** Opening Data for analysis block **

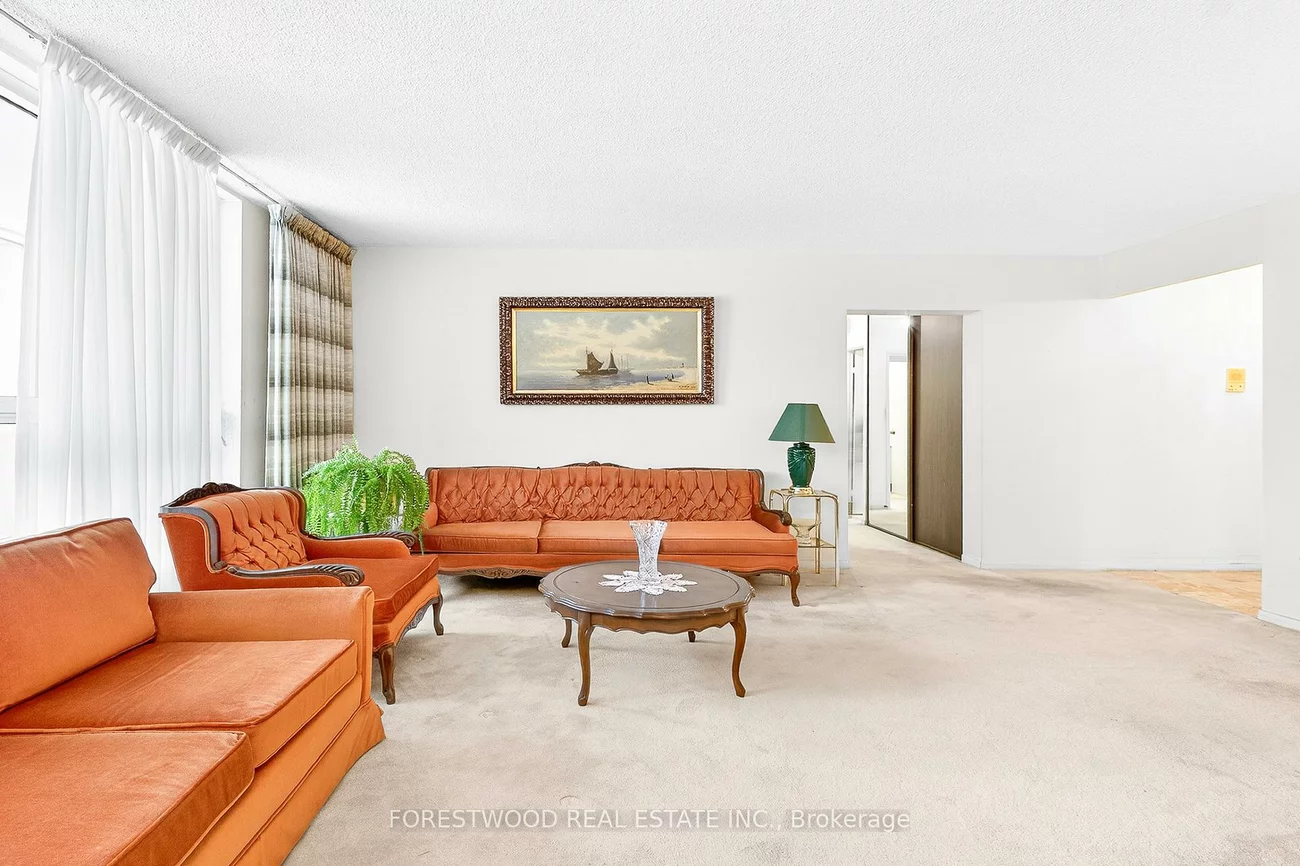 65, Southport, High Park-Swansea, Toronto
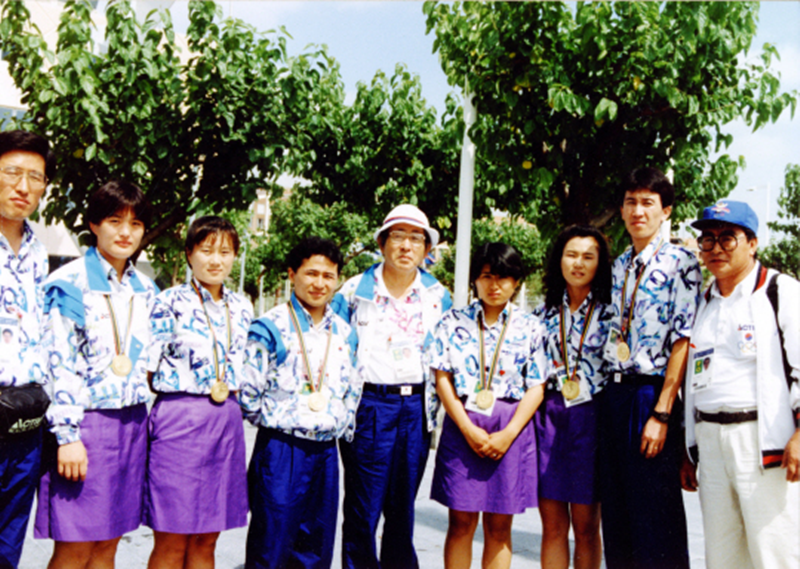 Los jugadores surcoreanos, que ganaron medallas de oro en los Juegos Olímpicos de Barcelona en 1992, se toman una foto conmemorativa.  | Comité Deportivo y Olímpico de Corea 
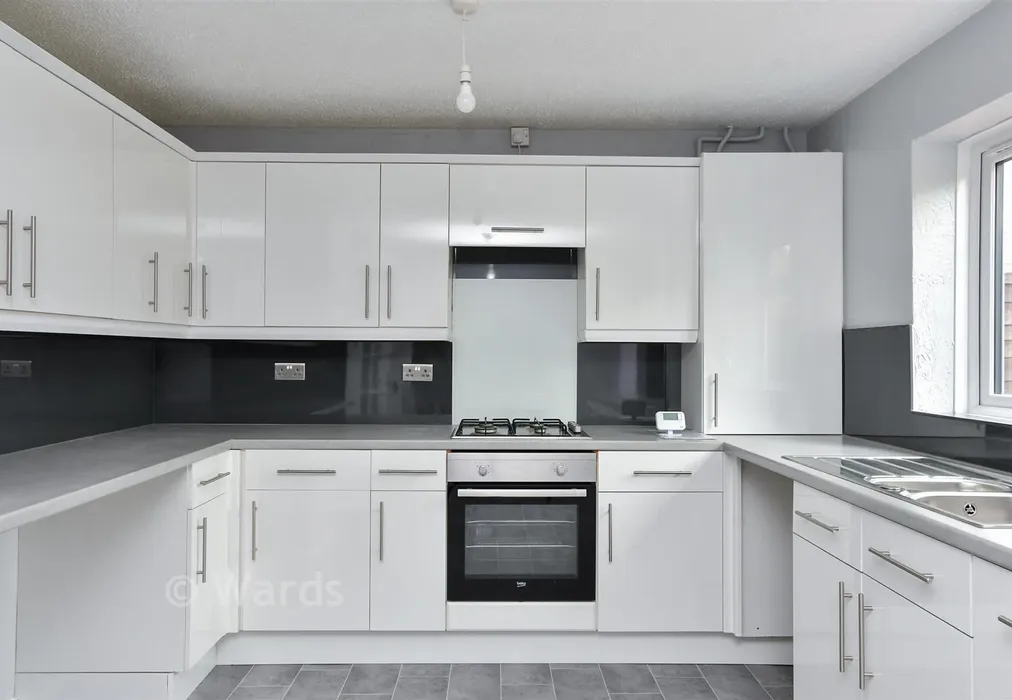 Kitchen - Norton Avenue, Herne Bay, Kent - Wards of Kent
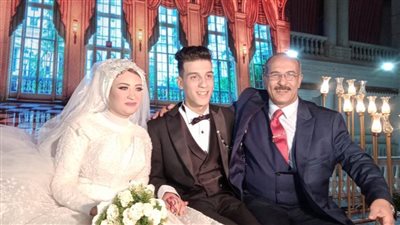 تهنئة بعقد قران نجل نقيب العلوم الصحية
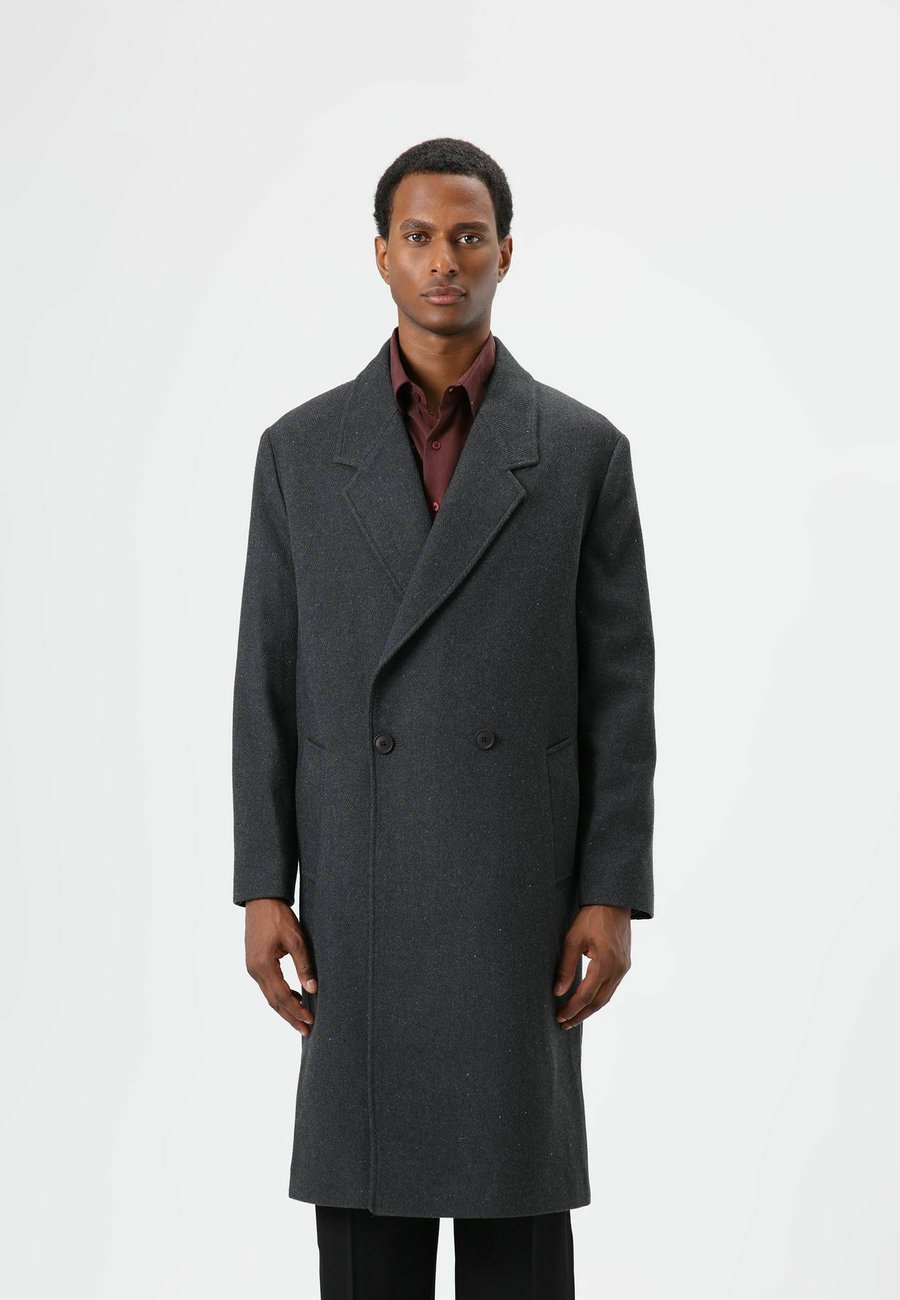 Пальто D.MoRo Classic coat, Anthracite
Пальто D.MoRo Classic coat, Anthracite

** Closing Data for analysis block **

What you have to do: Output all of the data word for word, excluding any pictures.

Result of this exercise:
 65, Southport, High Park-Swansea, Toronto
 Los jugadores surcoreanos, que ganaron medallas de oro en los Juegos Olímpicos de Barcelona en 1992, se toman una foto conmemorativa.  | Comité Deportivo y Olímpico de Corea 
 Kitchen - Norton Avenue, Herne Bay, Kent - Wards of Kent
 تهنئة بعقد قران نجل نقيب العلوم الصحية
 Пальто D.MoRo Classic coat, Anthracite
Пальто D.MoRo Classic coat, Anthracite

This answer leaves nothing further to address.